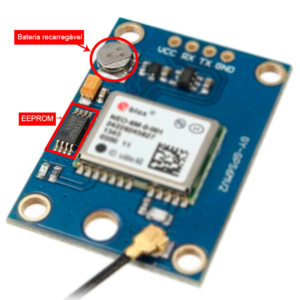 Módulo GPS GY-NEO6MV2 – Guia completo de como usá-lo com o Arduino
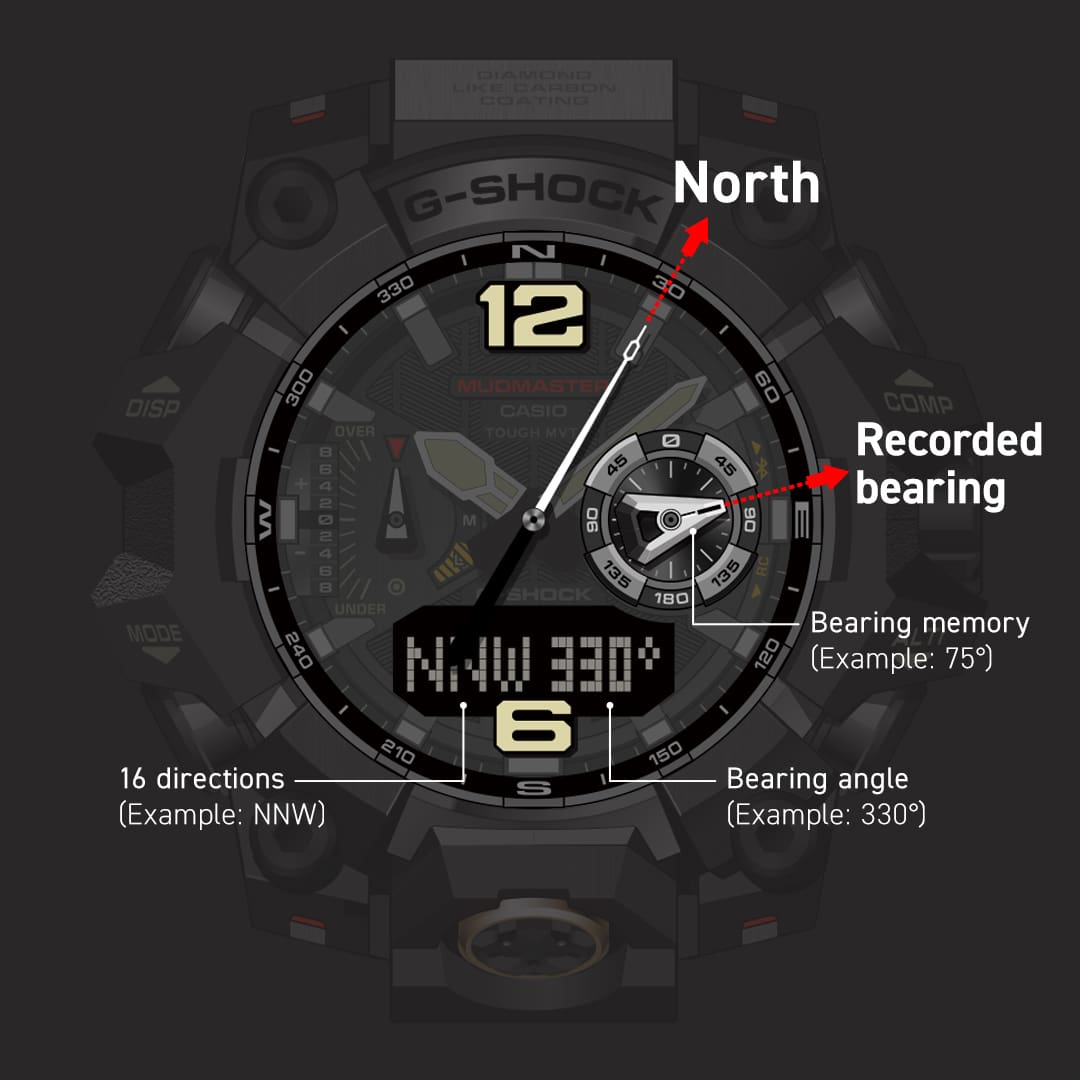 On the greyed-out watch face, the elements of the digital compass are highlighted in white, the digital display shows directional data
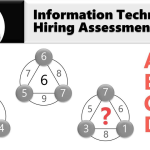 Position: Mathematics & Computer Science Teacher (A0) Recruitment Quiz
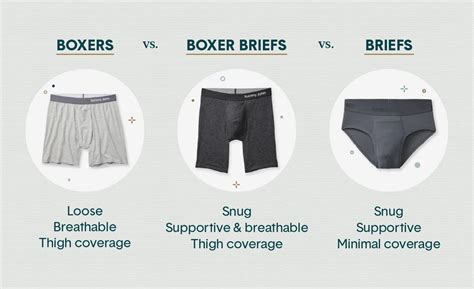 Is it healthier to wear boxers or briefs?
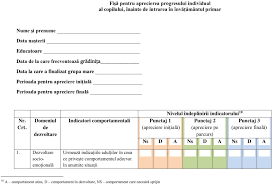 Curriculum optional/curriculum la decizia scolii in invatamantul prescolar. Fisa Pentru Aprecierea Progresului Individual Al Copilului In Gradinita Foto Edu Ro Teaching Math Worksheets Education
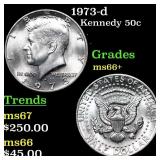 1973-d Kennedy Half Dollar 50c Grades GEM++ Unc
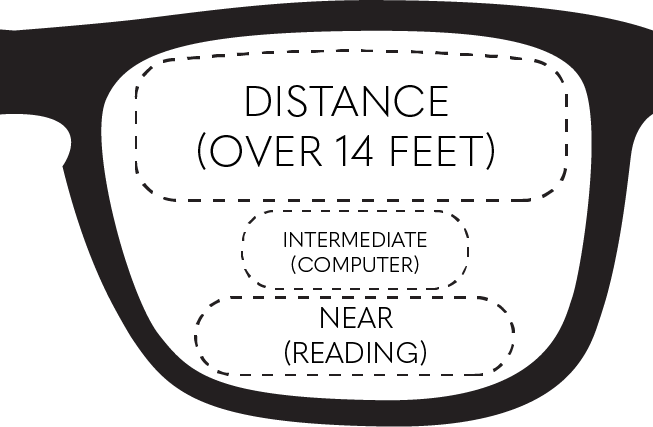 What is a GUNNAR Distance Progressive lens?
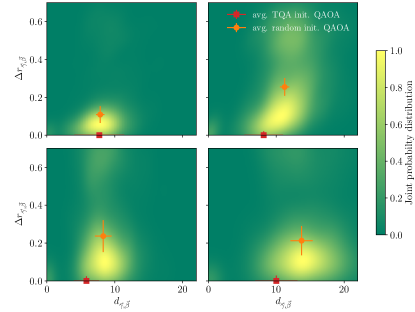 [2101.05742] Quantum Annealing Initialization of the Quantum ...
.....
**What is required:** Would you retype every record above exactly, leaving out the pictures?

**Exercise solution:**
 Módulo GPS GY-NEO6MV2 – Guia completo de como usá-lo com o Arduino
 On the greyed-out watch face, the elements of the digital compass are highlighted in white, the digital display shows directional data
 Position: Mathematics & Computer Science Teacher (A0) Recruitment Quiz
 Is it healthier to wear boxers or briefs?
 Curriculum optional/curriculum la decizia scolii in invatamantul prescolar. Fisa Pentru Aprecierea Progresului Individual Al Copilului In Gradinita Foto Edu Ro Teaching Math Worksheets Education
 1973-d Kennedy Half Dollar 50c Grades GEM++ Unc
 What is a GUNNAR Distance Progressive lens?
 [2101.05742] Quantum Annealing Initialization of the Quantum ...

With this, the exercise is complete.